Q1. What potential difficulties and consequences might India face as it seeks to curtail the import of solar panels while striving to meet its ambitious solar energy goals by 2030?

The Approved Models and Manufacturers of Solar Photovoltaic Modules (Requirement for Compulsory Registration) Order, 2019, requires module makers to submit to an inspection of their manufacturing facilities by the National Institute of Solar Energy. Being on the list as an ‘approved’ manufacturing facility certifies a company as legitimately manufacturing solar panels within its premises and not importing modules.

Challenges to Indian Manufacturers:

  1. Limited Domestic Capacity: India’s domestic industry may struggle to meet the demand for solar panels, as its current manufacturing capacity falls short of the required quantity. This could result in delays in project implementation and hinder progress towards meeting renewable energy targets.
  2. Increased Costs: Restricting imports could lead to higher costs for solar power projects, as domestically manufactured panels may be more expensive than imported ones. This could impact the affordability of solar energy, potentially slowing down adoption rates and hindering the transition to renewable energy.
  3. Quality Assurance: While promoting domestic manufacturing is important, ensuring that domestically produced panels meet stringent quality standards is crucial. Without proper quality control measures, there may be concerns regarding the reliability and efficiency of domestically manufactured panels, which could undermine confidence in solar energy solutions.
  4. Competitive Disadvantage: Domestic manufacturers may face challenges in competing with cheaper imported panels, particularly from countries like China, which dominate the global market. This could result in a loss of market share for Indian manufacturers and negatively impact the growth of the domestic solar industry.
  5. Supply Chain Disruptions: Dependence on domestic manufacturing may leave India vulnerable to supply chain disruptions, such as shortages of raw materials or manufacturing components. This could further impede the scaling up of solar energy capacity and hinder progress towards renewable energy goals.

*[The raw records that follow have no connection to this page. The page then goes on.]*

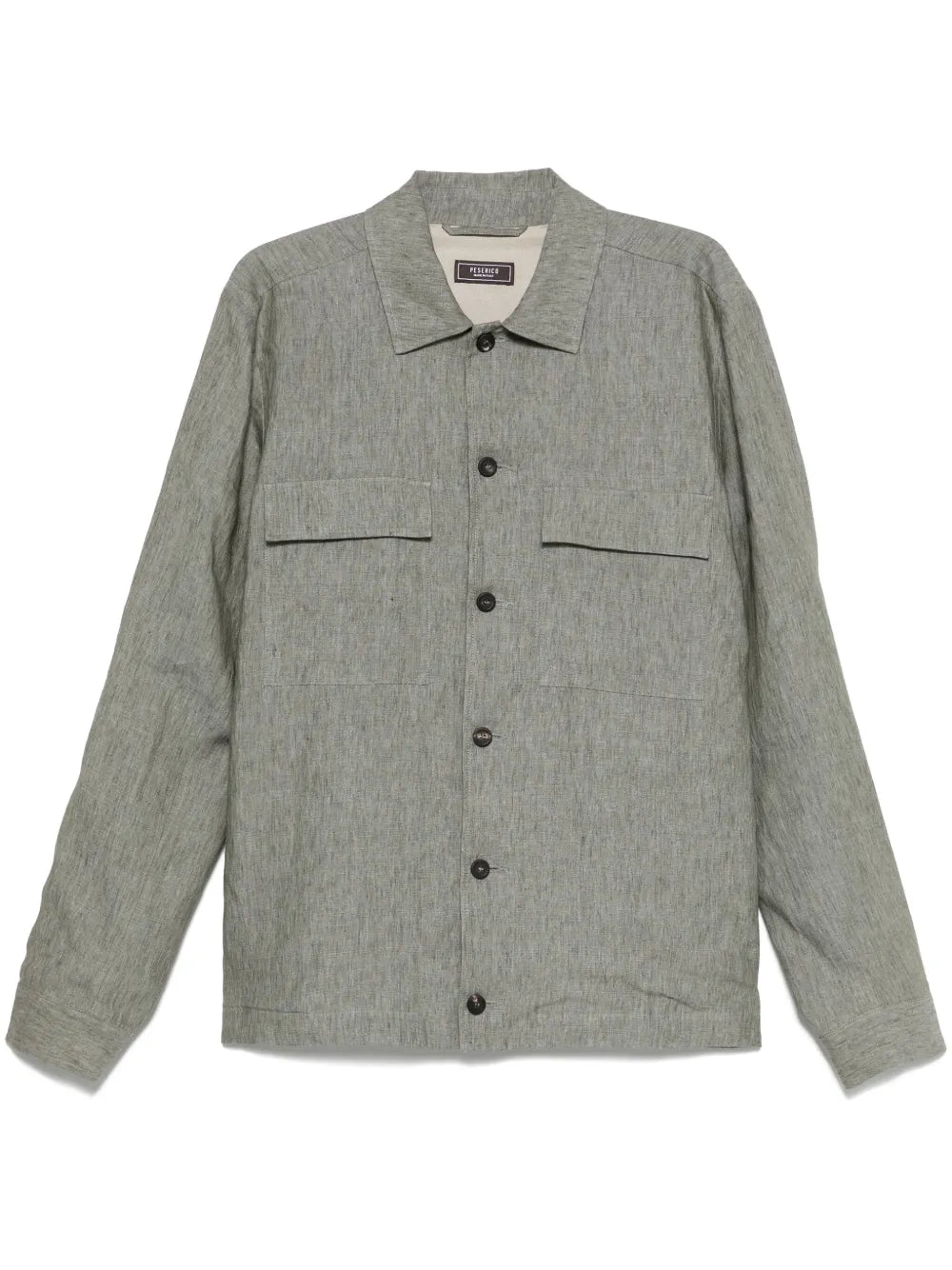 Linen Mélange-Effect Shirt Jacket — Grey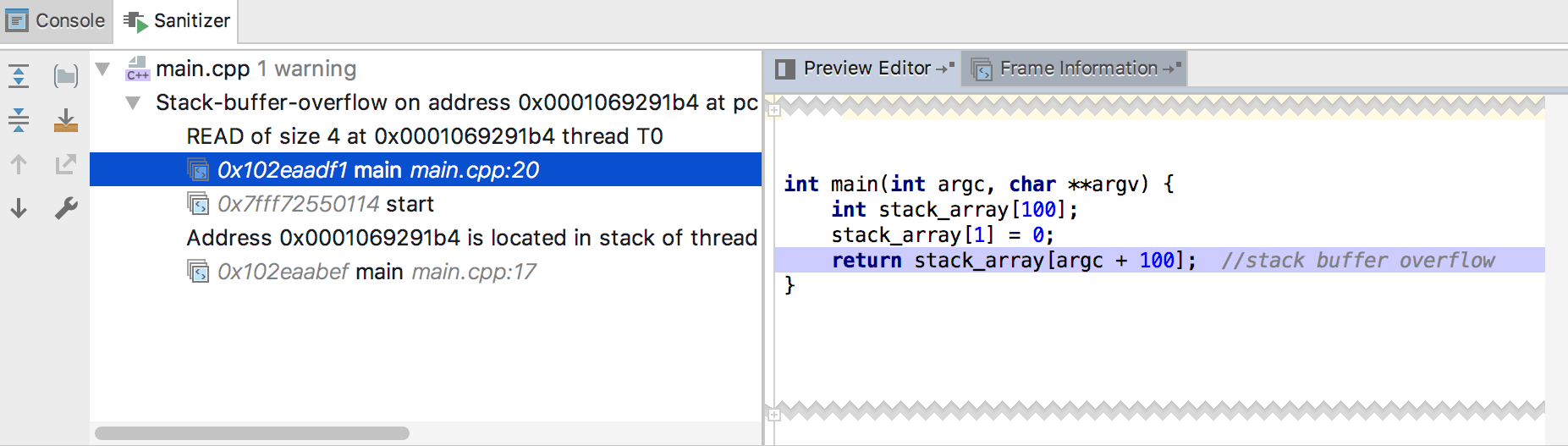 CLion Sanitizers visual output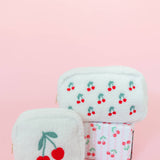 Cherry Teddy Cosmetic Zipper Bag - Small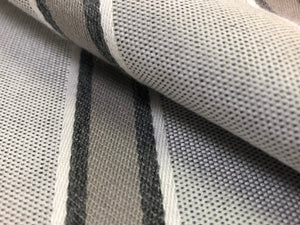 1.5 Yard Indoor Outdoor Gray White Charcoal Sunbrella Stripe Water Resistant Nautical Marine Upholstery Drapery Fabric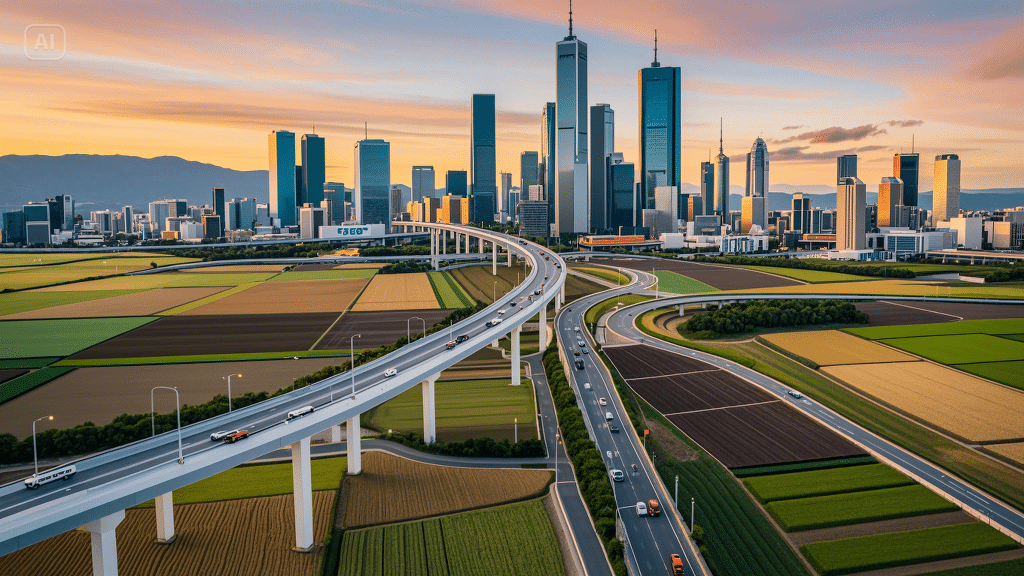 a highway with a city skyline in the background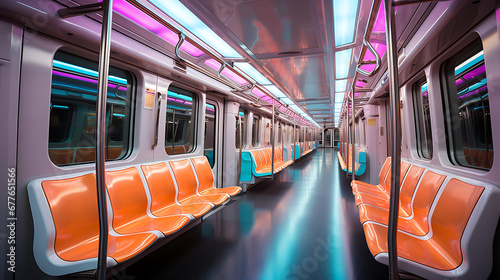The empty interior of an underground train, in the style of light navy and yellow, bold color choices, environmental awareness, light orange and yellow. photo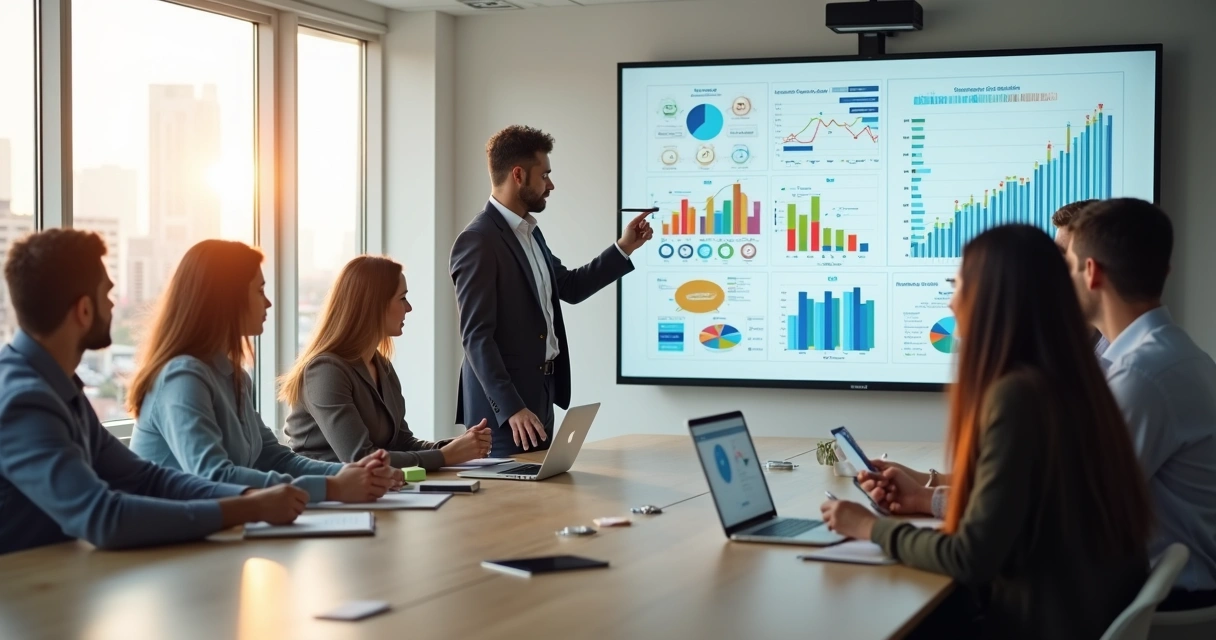 Equipe em reunião avaliando clima organizacional com gráficos em tela 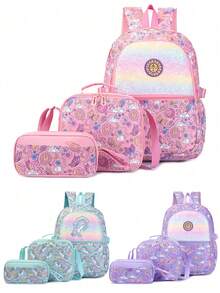 3pcs Unicorn Shiny Glitter Backpack Set, Includes Matching Insulated Lunch Bag And Pencil Case, Perfect For School, Travel And Back To School Season - Multicolor - View 3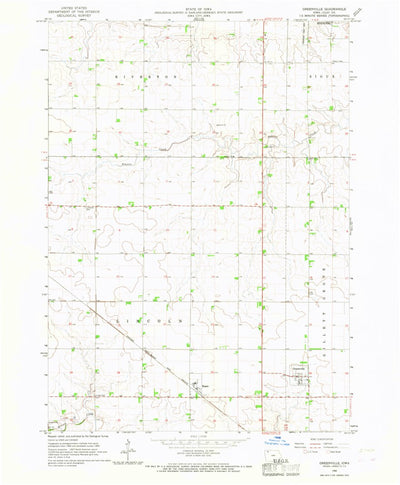 United States Geological Survey Greenville, IA (1966, 24000-Scale) digital map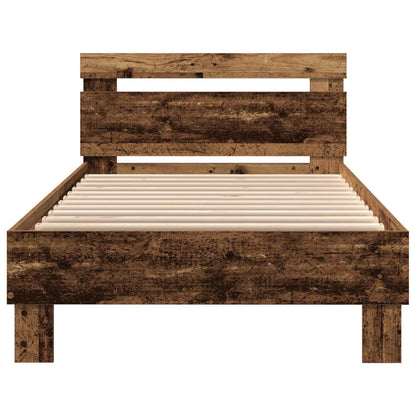 Bettrahmen mit Kopfteil Altholz 75 x 190 cm Holzwerkstoff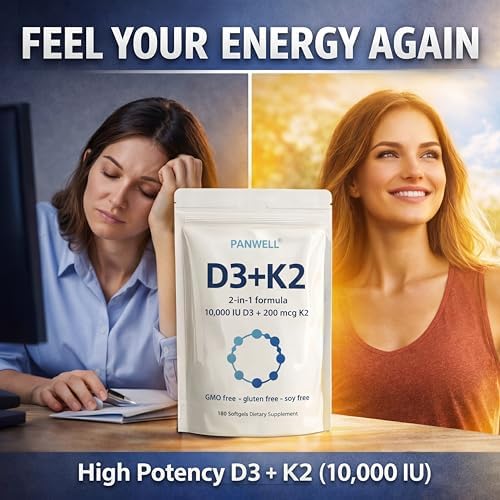 Suplemento de Vitamina D3 K2 PANWELL 10000 UI con MK-7 200 mcg, Aceite de Coco, 180 Cápsulas Blandas, Apoya la Absorción de Calcio y la Salud Ósea, - imagen 2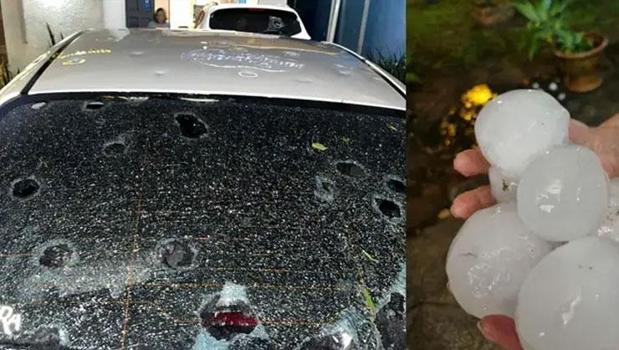 Tenis topu büyüklüğünde dolu yağdı, çok sayıda cam kırıldı)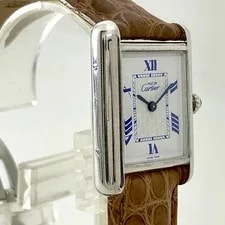 Cartier — Cartier Must Tank Small Silver 925 Quartz Square Dial Brown Band Auth — Watch — resale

The benefits of the Approved List of Models and Manufacturers (ALMM) for Solar Photovoltaic Modules:

  1. Cost Reduction for Manufacturers: The reforms in ALMM, such as the reduction in application and inspection fees, help in reducing the financial burden on solar PV manufacturers. This makes it more affordable for manufacturers to participate in the enlistment process and promotes domestic production.
  2. Time Efficiency: By streamlining the application process and allowing for provisional enlistment within a short timeframe, ALMM reforms reduce the time between application to enlistment. This enables manufacturers to start production and supply of solar modules more quickly, contributing to meeting the demand for solar energy in a timely manner.
  3. Compliance Burden Reduction: Exempting factory inspection for additional models similar to those already enlisted reduces the compliance burden on manufacturers. This simplifies the enlistment process and encourages manufacturers to introduce new models or variations, fostering innovation and diversity in the market.
  4. Ease of Doing Business: The introduction of digital application processes and the reduction of paperwork streamline the ALMM process, making it easier for manufacturers to comply with requirements. This enhances the overall ease of doing business in the solar PV industry, attracting more players and promoting competition and growth.
  5. Promotion of Domestic Production: ALMM plays a crucial role in promoting domestic production of solar photovoltaic modules. By providing incentives and facilitating easier access to the market for domestic manufacturers, ALMM reforms encourage the growth of the domestic solar industry, contributing to self-reliance and energy security.
  6. Alignment with Renewable Energy Goals: The reforms in ALMM support India’s renewable energy goals, including the target of achieving 500 GW of non-fossil fuel-based energy capacity by 2030. By facilitating the ramping up of domestic production, ALMM contributes to meeting the increasing demand for solar energy and advancing towards sustainable energy development.

Conclusion: While promoting domestic production aligns with India’s goal of achieving energy security and reducing dependence on imports, addressing these challenges effectively is essential to ensure a smooth transition towards meeting ambitious solar energy goals by 2030.